The European Parliament has yesterday voted in favour of strengthening proposed recycling and food waste targets as part of the EU’s upcoming circular economy package.
MEPs endorsed proposals for the bloc to deliver a 70 per cent recycling rate by 2030, alongside a five per cent cap on the share of waste going to landfill and a new goal to halve food waste.
The package backed by the Parliament diverges from the latest proposals from the European Commission, which would aim for a weaker target of a 65 per cent recycling rate by 2030.
The European Parliament will now debate with the Council of Ministers, which is yet to finalise its position on the imminent Circular Economy package.
Simona Bonafè, lead MEP on the circular economy package, welcomed the vote, which she said would move the proposed targets back in line with those previously proposed by the Commission.
“Today, Parliament by a very large majority has showed that it believes in the transition towards a circular economy,” she said. “We decided to restore the ambitious recycling and landfill targets in line with what the Commission had originally proposed in 2014.”
She added that there were compelling economic reasons for adopting more ambitious recycling targets. “Demand for raw materials by the world economy could increase by a further 50 per cent in the next 15 years,” she said. “In order to reverse this trend, we must adopt a circular development model which keeps materials and their value in circulation, the only solution able to keep together sustainability with economic growth.”
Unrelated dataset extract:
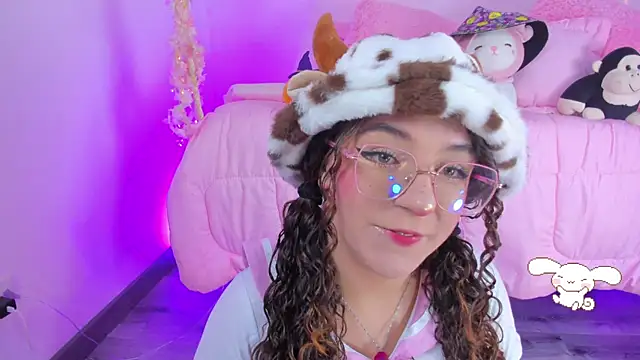 hannacutegod online show from 10, 11, 2025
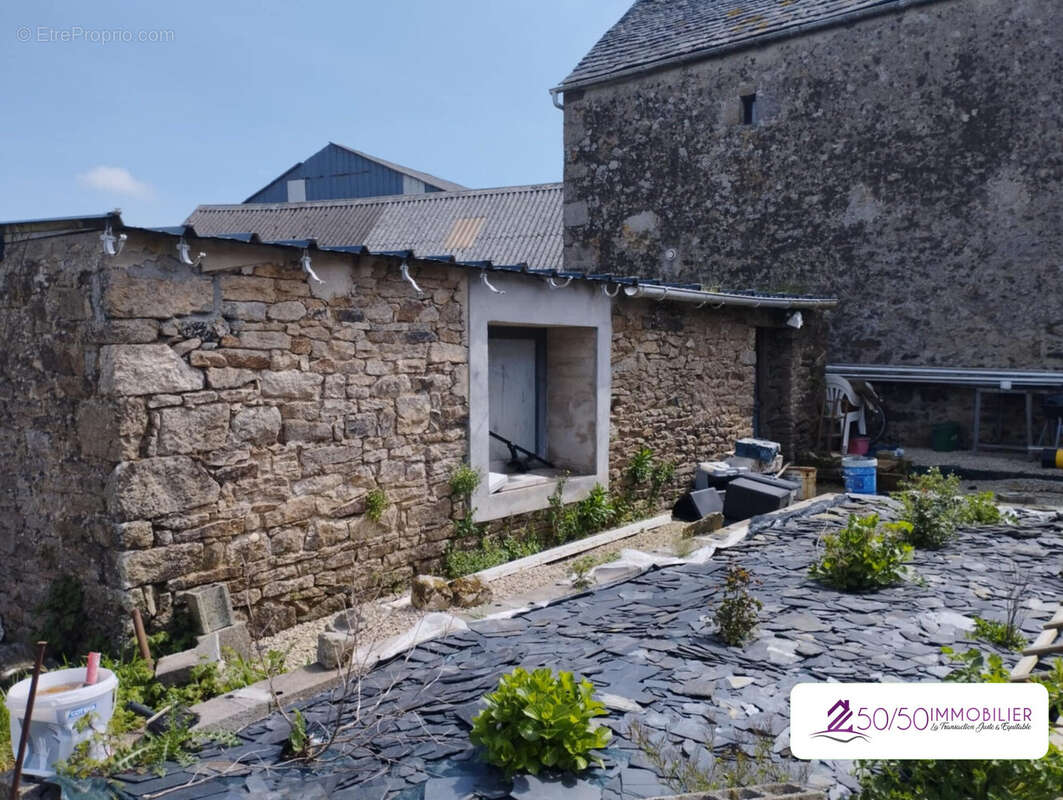 Maison à SAINT-VOUGAY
Supporters of more ambitious targets have argued that with some countries already boasting recycling rates of over 50 per cent and Austria, Belgium, Denmark, Germany, the Netherlands and Sweden sending virtually no municipal waste to landfill, it is clearly possible to significantly improve on the EU’s current recycling rate of around 44 per cent.
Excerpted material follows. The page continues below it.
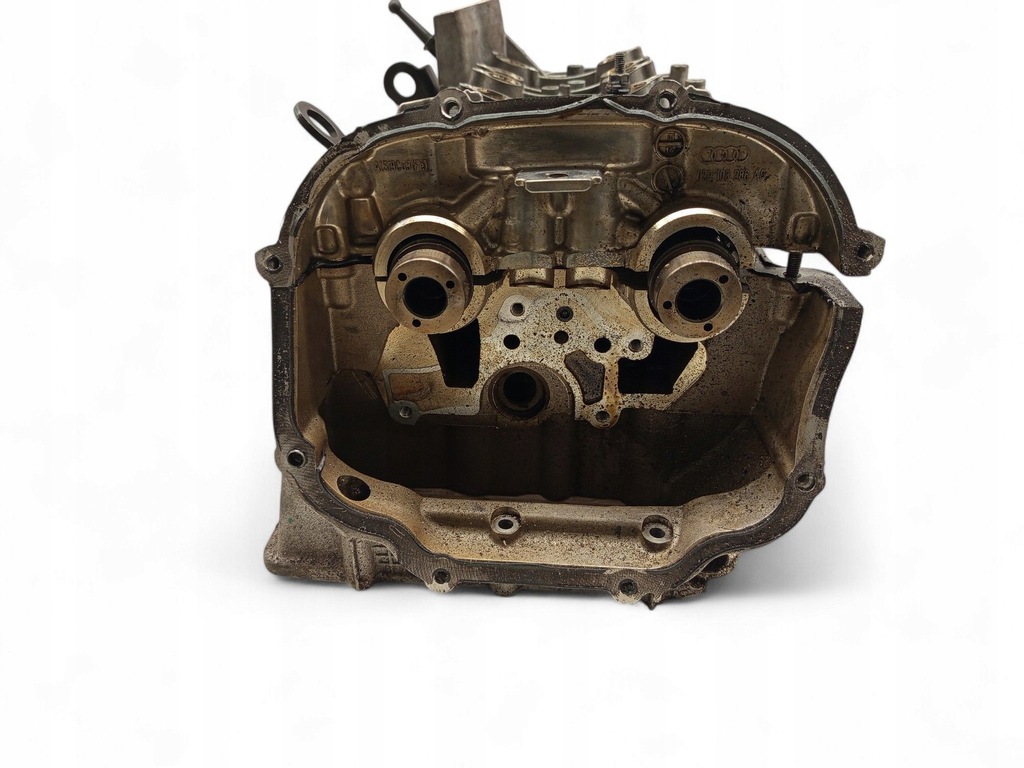 фото №7, Audi a8 s8 d4 4h 079103404s головка двигуна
However, opponents, including some industry groups, have warned meeting the new targets would require high levels of investment that could impose additional costs on businesses and households.
Ray Georgeson, chief executive of the Resource Association, said the UK trade body “warmly welcomes the ambition shown by the European Parliament”.
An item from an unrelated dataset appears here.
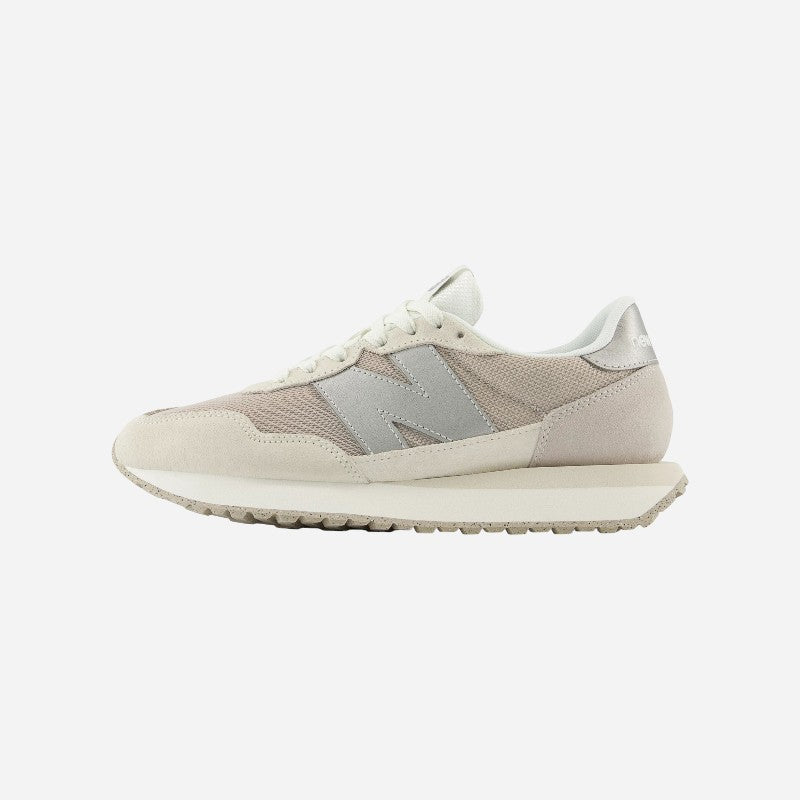 New Balance Women's 237V1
“The European Parliament has sent an important signal of intent about the level of ambition needed in Europe to deliver the resource-efficient, employment-rich circular economy that we aspire to,” he added.
However, he also warned that the long-running debate over how recycling targets should be calculated needed to be resolved.
“The headline figures on recycling rates are less important than the trajectory and degree of ambition,” he said. “While debate remains unresolved on the harmonisation of the point of calculation of recycling rates, the headline figure is the wrong point upon which to assess the importance of the European Parliament’s proposals. We maintain the view that recycling should be calculated at the point where materials go for final recycling and concur with Simona Bonafè on this important issue.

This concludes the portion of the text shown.